My underlying point is this: Jason Garrett became the highest paid assistant in the league after a record setting 2007 in which he had a healthy Tony Romo for 16 games and T.O. in the last year of his prime (think it's getting pretty safe to say that).

He shattered passing and scoring records left and right, but not that dreaded playoff winless streak.  Still, he seemed like the hottest commodity in all of football and most Cowboys fans were by and large pleased with keeping him in-house.

However, Jason Garrett played quarterback at Princeton and backed up Troy Aikman for years.  Quarterbacks love Fun-and-Gun offenses where you get to chuck the ball down field and put up eye-popping stats.

So, too, do quarterbacks who become offensive coordinators.

In 2007, Garrett had the perfect set of both players and circumstances to run that down field Fun-and-Gun style of football, and it got him paid.

Then T.O. lost a step in 2008, Garrett seriously misjudged (no, excuse me, SERIOUSLY misjudged) Brad Johnson's viability as a starting NFL quarterback, (the need arose, and they paid for it with two embarrassing losses), and all of a sudden the Cowboys' offense was anemic and predictable.

On top of that, the Cowboys didn't find out they had three viable NFL starting running backs until the first two got hurt 12 games into the season, Romo was up-and-down coming off a pinky injury, and the Cowboys' season ended on what I like to call "The Bleakest Day in Cowboys History" coming in the form of a 44-6 drubbing at the hands of a hated division rival.
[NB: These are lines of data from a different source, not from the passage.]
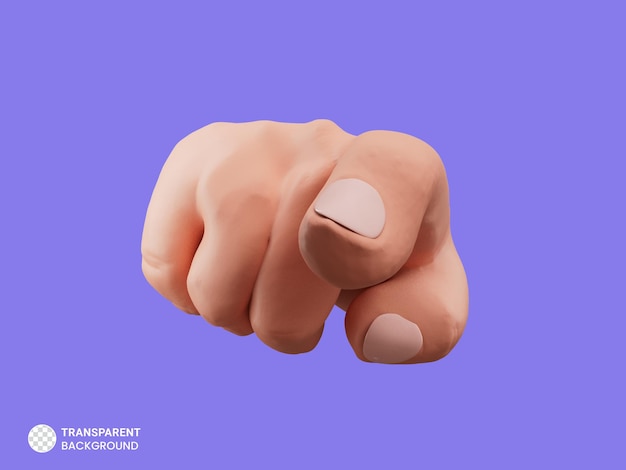 Hand zeigt geste symbol isoliert 3d-render-illustration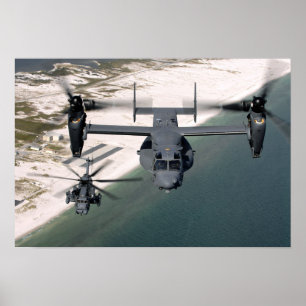 Poster Un CV-22 Osprey et un MH-53 Pave Low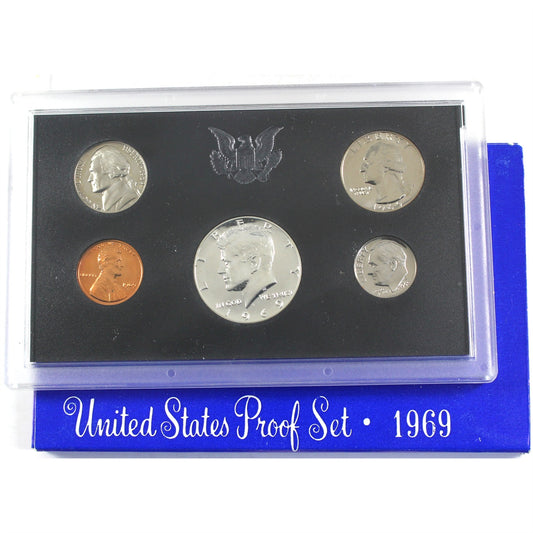 1969 S USA Proof Set (Lightly toned, wear on case & envelope)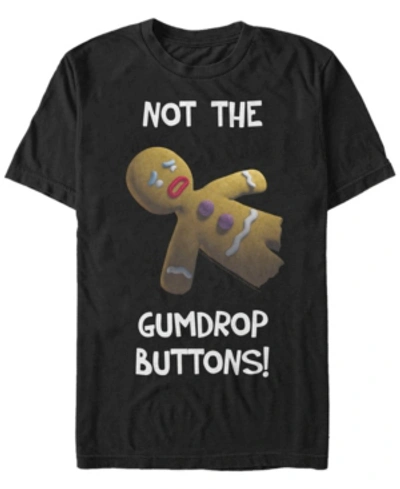 Fifth Sun Shrek Men's Gingerbread Man Gumdrop Buttons Short Sleeve T-shirt In Black
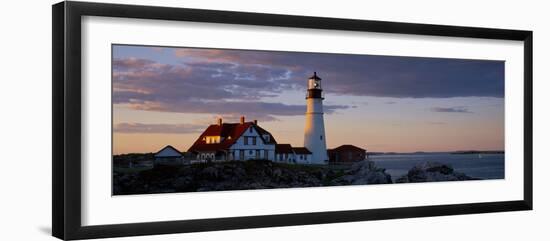 Lighthouse on the coast, Portland Head Light, Cape Elizabeth, Cumberland County, Maine, USA-null-Framed Photographic Print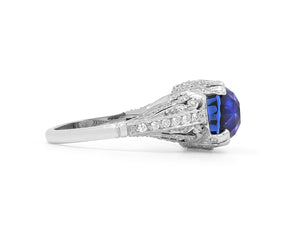 Kazanjian Sapphire, 12.80 carats, & Diamond Ring in Platinum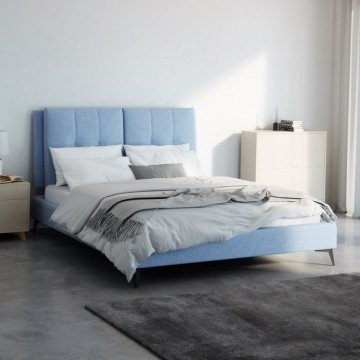 LIMASOL מיטה מרופדת בגוון כחול עם כריות גב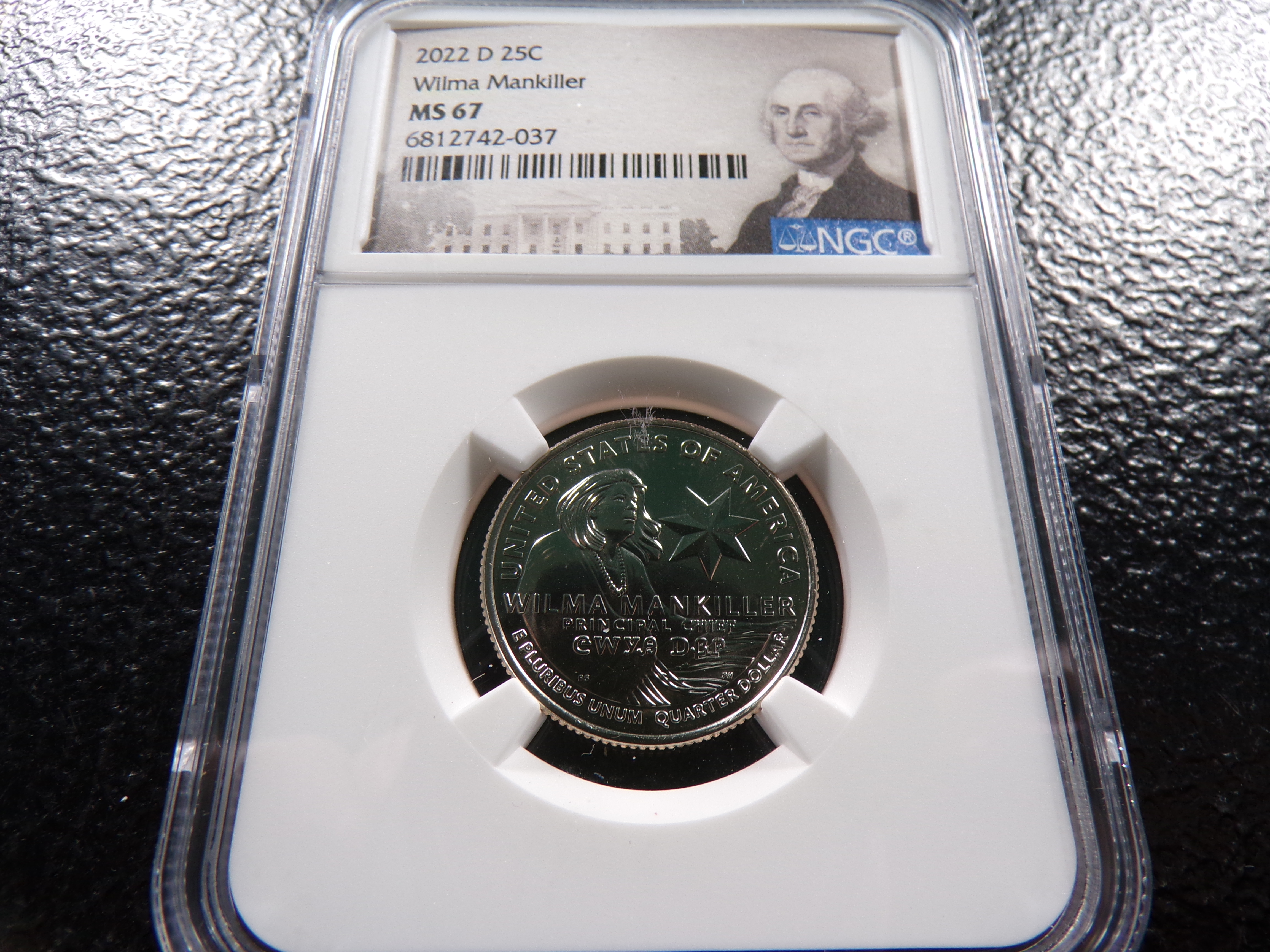 2022-D NGC MS67 WILMA MANKILLER QUARTER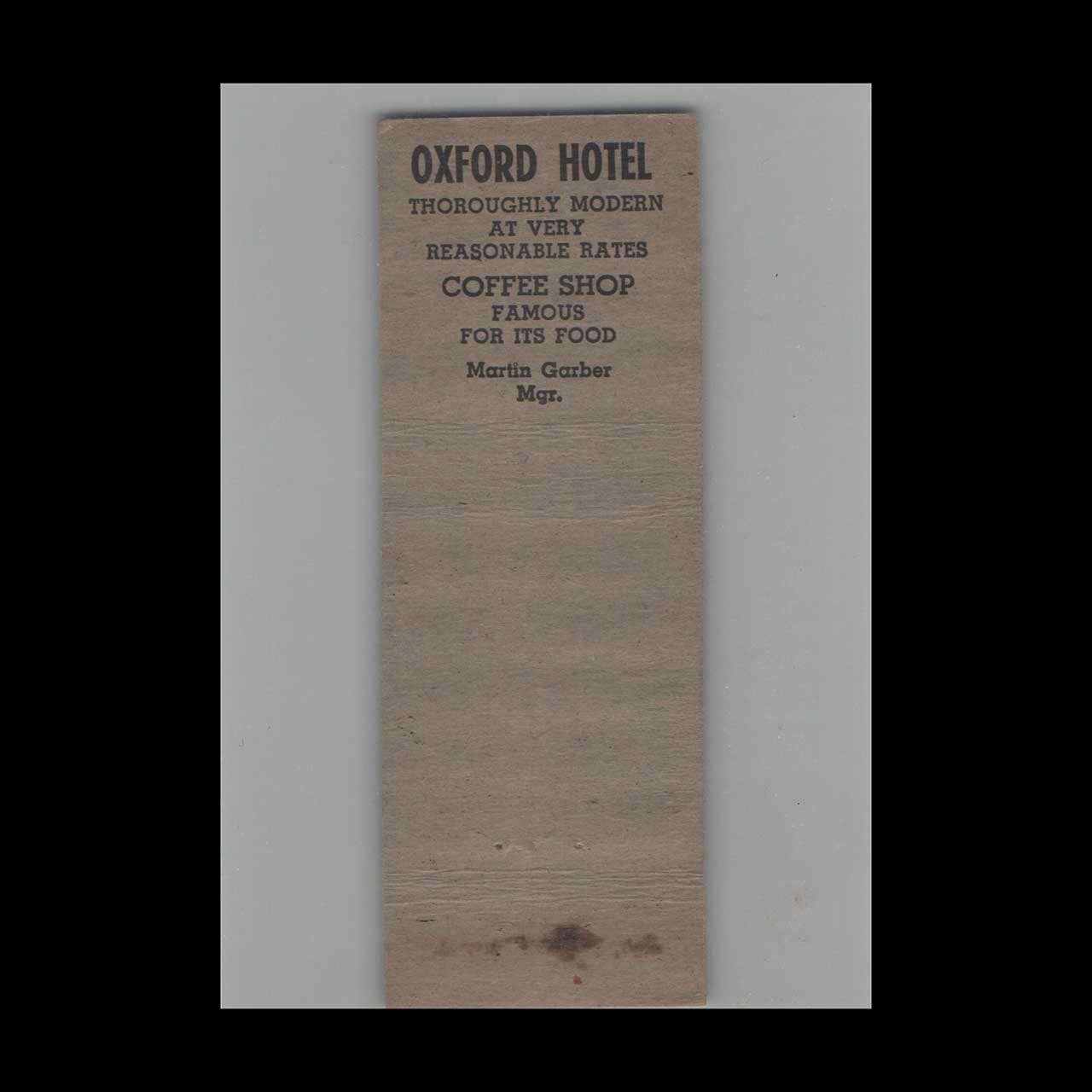 1930s Advance Match Oxford Hotel Enid OK Matchbook Cover 1930s Advance Match Oxford Hotel Enid OK Matchbook Cover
Now, in second game of 2009, an over-reliance on Tony Romo despite a largely dominant run game led to a crucial and awful interception that led to a last-second victory at home to a division rival.

This was followed by a victory over a winless Panthers team in which the offense posted a mere 13 points after kicking two field goals despite having the ball an inch away from the endzone—twice.

Now with Felix and potentially Barber out next Sunday Tony Romo should obviously get a higher number of throws.  But with all three backs healthy, Tony Romo should not throw the ball more than 20-25 times all game this year.

Not because Tony Romo can't be successful throwing that many passes a game, but because our offense needs consistency, a much easier thing to establish with a great ground game than a great passing attack (especially given Romo's occasional brain fart games).

A friend of mine, who's a Giants fan, made a great point to me: it doesn't matter how prolific your offense is if it isn't consistent.  If you want to win a Super Bowl, you need to string together three or four straight wins.  In a Super Bowl run, there is no room for a brain fart game, from Romo or anybody (see: 2007 playoffs, offensive line).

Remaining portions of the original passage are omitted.